Copy each line of the data below exactly, leaving out pictures.
[Supplied data]
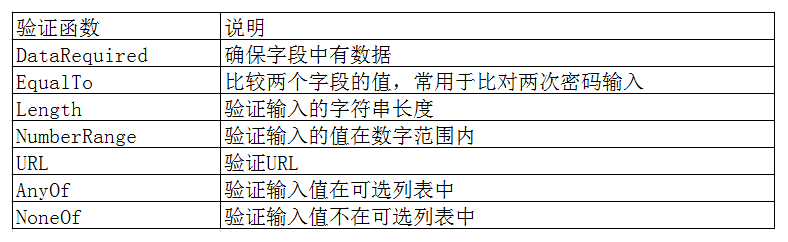 Python Flask框架模板操作實(shí)例分析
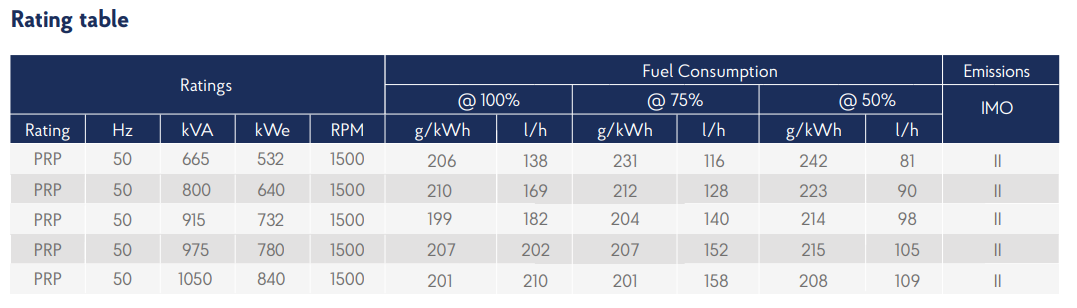 Genset 12M26.2 specifications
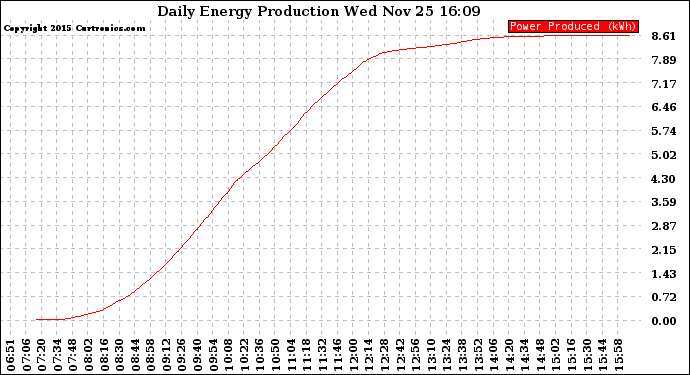 Solar PV/Inverter Performance Daily Energy Production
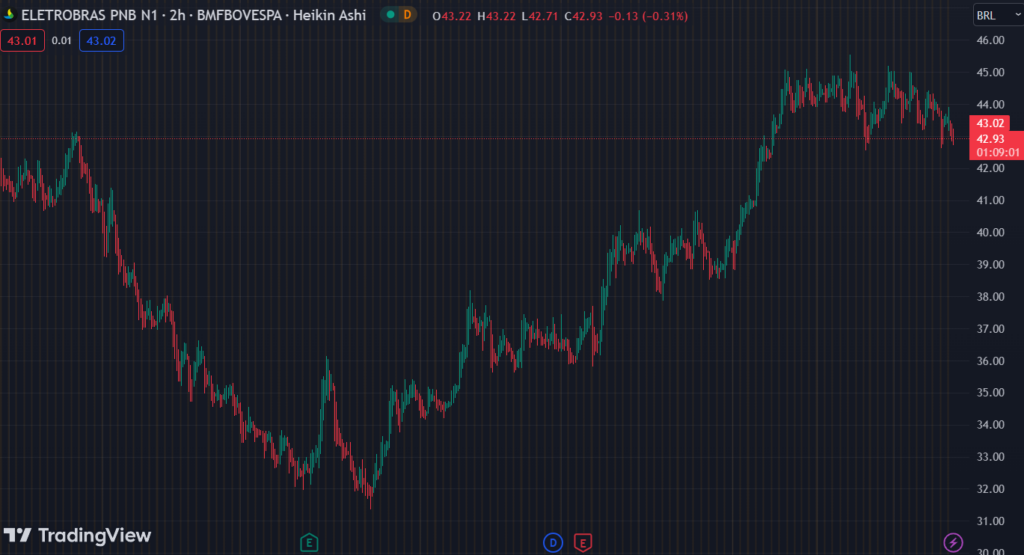 Gráfico mostra a ação ELET6 na Bolsa.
[/Supplied data]
> Answer space
 Python Flask框架模板操作實(shí)例分析
 Genset 12M26.2 specifications
 Solar PV/Inverter Performance Daily Energy Production
 Gráfico mostra a ação ELET6 na Bolsa.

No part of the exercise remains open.